PyTaskFarmer is a simple task farmer written in Python for parallelizing multiple serial jobs at NERSC. It is flexible enough to run on other systems. It is very loosely based on the concept of Shane Canon’s TaskFarmer.

More complex task list definitions and setup environments are implemented through the concepts of tasklist handers and runners.

Features

  • Per-task checkpointing.

  • Mulitple farmers running on the same tasklist.

  • Simple synchronization protocol using the file system.

  • Abstract definition of tasklists via tasklist handlers.

  • Automatic environment setup (ie: asetup or shifter).

  • Analysis of task packing using Perfetto.

Quick Start

PyTaskFarmer can be installed using pip.

pip install pytaskfarmer

Create a list of tasks that you want to process in parallel. In this simple example, a counter will be echoed.

for i in $(seq 0 10); do
  echo ${i} >> mywork.tasks
done

Run PyTaskFarmer. The progress will be stored inside the specified workdir.

pytaskfarmer.py --proc 8 --workdir myworkdir mywork.tasks

Usage

The executable script is:

usage: pytaskfarmer.py [-h] [--proc [Processes]] [--timeout TIMEOUT]
                        [--workdir WORKDIR] [--verbose VERB]
                        [--runner RUNNER] [--tasklist TASKLISTHANDLER]
                        tasklist

The tasklist argument is a simple text file with one task per line.

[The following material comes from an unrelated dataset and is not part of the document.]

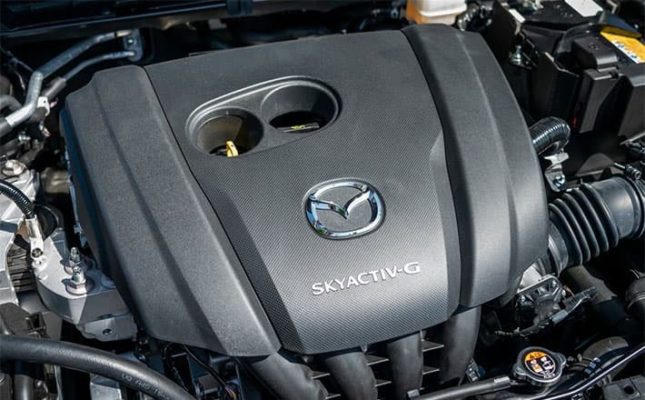 фото двигатель 2.0 Skyactiv-G Mazda CX-30 2020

The interpretation of the task is up to the TASKLISTHANDLER. By default, the task is treated as a command to run. It is not important how complex the command is.

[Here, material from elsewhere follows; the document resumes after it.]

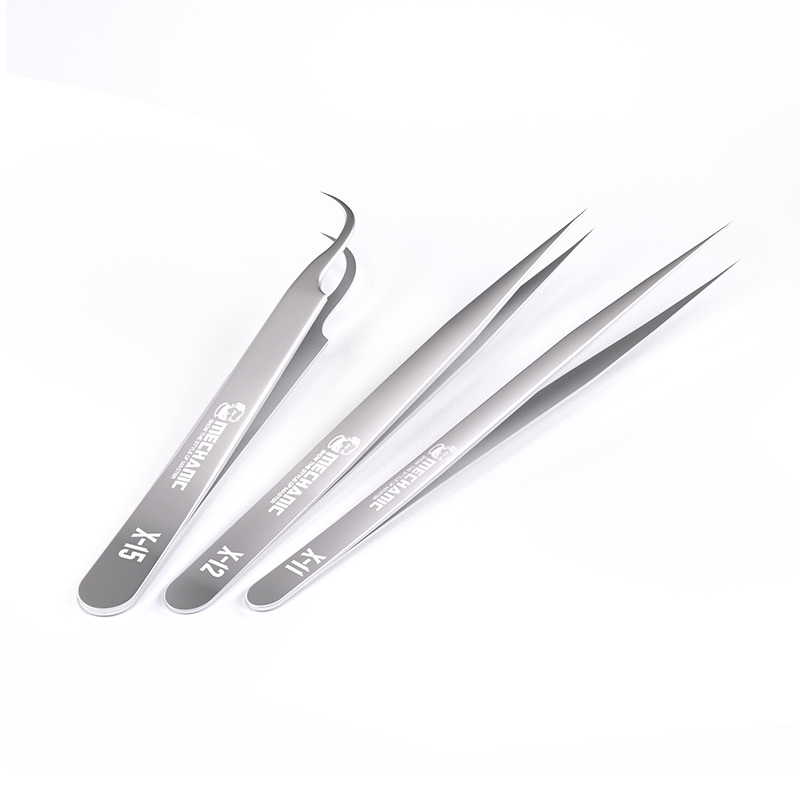 X-11 X-12 X-15 Craftsman Extra Hard Anti-Magnetic Tweezers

The --verbose flag adds a bit more output (though not much) telling You what the script is doing as it runs.

The --timeout option allows you to set a timeout for the script, so that after some number of seconds the tasks will be automatically killed (none by default).

The --proc option tells the script how many parallel workers to create ( default 8).

The --workdir option tells the script where to store the progress (task status, log files..) of a single run (default is tasklist_workdir).

The --runner options indicates which runner to execute the command with. See the dedicated section on the available runners and how they work.

The --tasklist options indicates which tasklist handler to parse the tasklist with. See the dedicated section on the available runners and how they

What It Does (60 second version)

The basic behavior, with the default runner/handler, is as follows. Each access to a file is protected using a file locking mechanism.

  1. The tasklist is read and a toprocess file is created in the workdir with unprocessed tasks.

  2. A number of workers (multiprocessing.Pool) are constructed to run on the tasks.

  3. When some work is done, the command is placed into a finished or failed files, depending on the status code.

  4. Duration and start times of completed tasks (timeline) are saved into a timeline.json file. This can then be opened with Perfetto.

  5. The tasks are processed by the workers until 1) the work is completed; 2) the timeout is reached; or 3) a signal is intercepted.